Hégémonie. Soit, mais comment gouverneront-ils ? Institueront-ils une démocratie pluraliste, dont toutes les sphères de la société se sentiront partie intégrante, comme Erdogan l’a promis dans ses fameux « discours au balcon » [depuis le siège de l’AKP, où il prend la parole après ses victoires], ou opteront-ils pour une hégémonie conservatrice calquée sur l’hégémonie laïque (c’est-à-dire kémaliste) [d’avant l’AKP] qui caractérisait la « Vieille Turquie » ?

Cette hégémonie est déjà en grande partie installée sur le plan administratif, plusieurs postes clés des ministères étant occupés par des pro-Erdogan. Si l’AKP poursuit sur sa lancée, il devrait devenir un parti d’Etat, choyant ses cadres et sa coterie tout en exacerbant la grogne des mécontents. En d’autres termes, les critiques virulentes adressées par l’AKP au gouvernement [prochiite] de Nouri Al-Maliki en Irak – selon lesquelles celui-ci déstabiliserait le pays « en excluant les sunnites » – pourraient s’appliquer de fait à l’AKP lui-même, qui semble avoir mis sur la touche les sunnites non conservateurs en Turquie.

Les manifestations de juin 2013 au parc Gezi, qui étaient en somme une réaction de rejet des milieux laïques face à la domination de l’AKP, auraient pu servir de piqûre de rappel, mais Erdogan a préféré l’évacuer en invoquant à la place des « complots ».

« Soleil de notre temps ». Le culte de l’homme providentiel est également un aspect de la Nouvelle Turquie qui la rapproche de l’ancienne. Dans la Vieille Turquie, ce culte était personnifié par Atatürk. Dans la nouvelle, il le serait par Erdogan. Les symboles et le vocabulaire employés pour vénérer les deux leaders se recoupent de plus en plus. Un nouveau livre consacré à Erdogan est d’ailleurs intitulé Le Soleil de notre temps, ce qui était également le surnom d’Atatürk.

L’inconvénient majeur du culte de l’homme providentiel est de diaboliser ses opposants, qualifiés d' »ennemis de l’intérieur ». Comme on a pu le lire dans un éditorial daté du 22 août dans le quotidien pro-Erdogan Yeni Safak, « si les attaques [visant la Nouvelle Turquie] viennent de l’intérieur […], c’est ce qu’on appelle une trahison ». Le même éditorial déclare également : « La Nouvelle Turquie n’est pas un slogan. La Nouvelle Turquie est un projet. C’est la refonte et la réorganisation de la Turquie. »

Cette « refonte » et cette « réorganisation » de la Turquie sont sans doute un projet un peu vague encore.
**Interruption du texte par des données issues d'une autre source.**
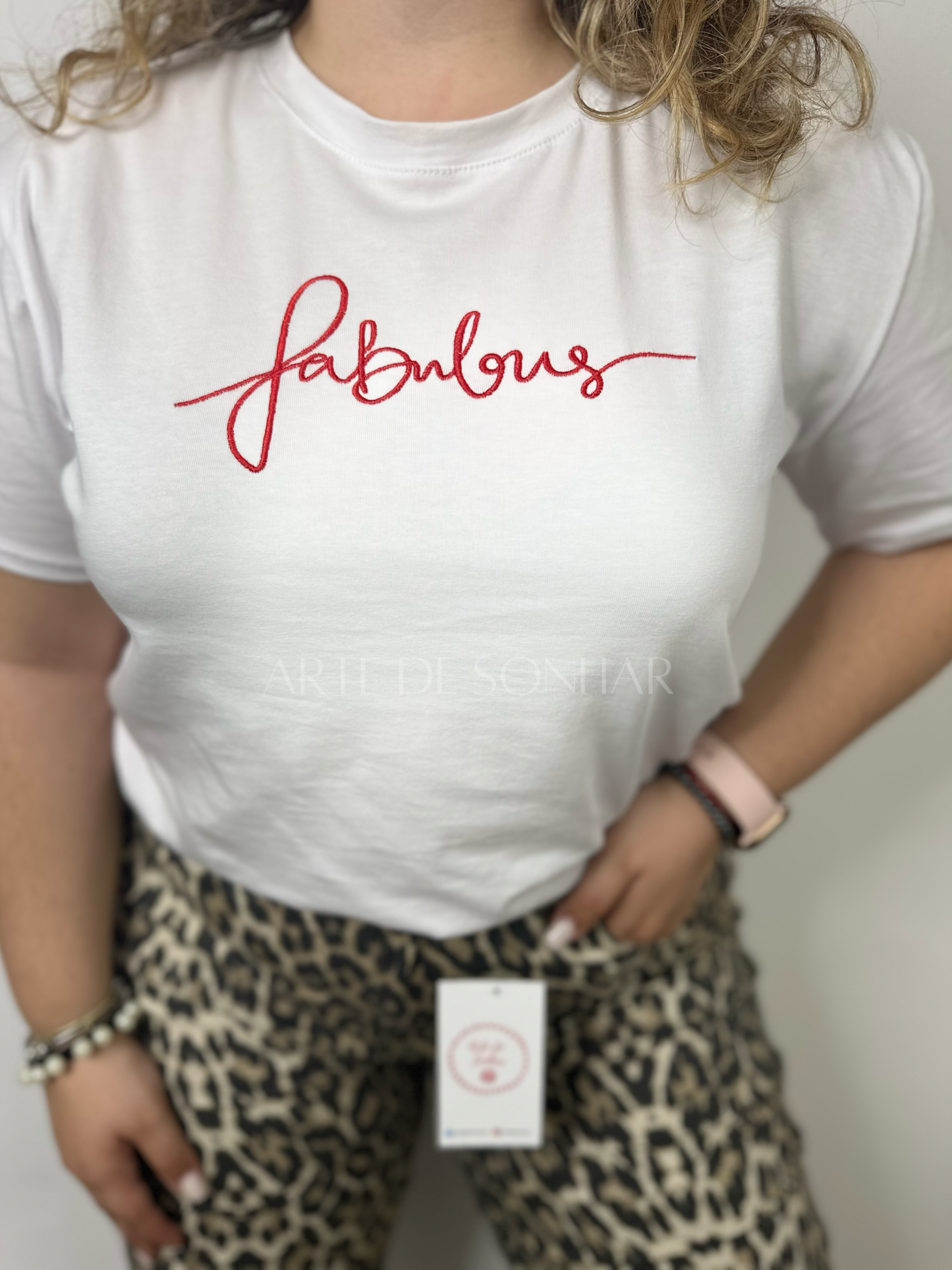T-shirt fabulous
Certains conservateurs, comme Yusuf Kaplan, chroniqueur attitré de Yeni Safak, émettent toutefois des idées chocs. Dans un article polémique intitulé « Vingt suggestions à Erdogan », le journaliste propose une « révolution » orchestrée par l’Etat dans les domaines de l’éducation, de la culture et des médias, qui impliquerait notamment une refonte complète de notre système éducatif « dans le respect de l’esprit de notre civilisation ».

Plus scandaleux encore, il a appelé de ses voeux la « démolition » de l’Université du Bosphore, de l’université Bilkent et de l’Université technique du Moyen-Orient (ODTÜ) – soit les meilleurs établissements de Turquie -, accusées d’être des « agences de recrutement des cultures étrangères [c’est-à-dire occidentales] ». Yusuf Kaplan n’est pas un porte-parole officiel de l’AKP. Il ne fait aucun doute qu’il représente une ligne dure au sein des milieux islamistes, qui voient dans la Nouvelle Turquie un projet capable de renverser la vapeur de l’occidentalisation de la Turquie au siècle dernier.

C’est oublier que la société turque est moderne, multiple et rétive aux révolutions culturelles dictées par l’Etat. Si les islamistes persistent à prôner une islamisation autoritaire, ils récolteront ce qu’ils redoutent le plus : la progression de la laïcité, voire la formation d’un courant antireligieux au sein de la société turque.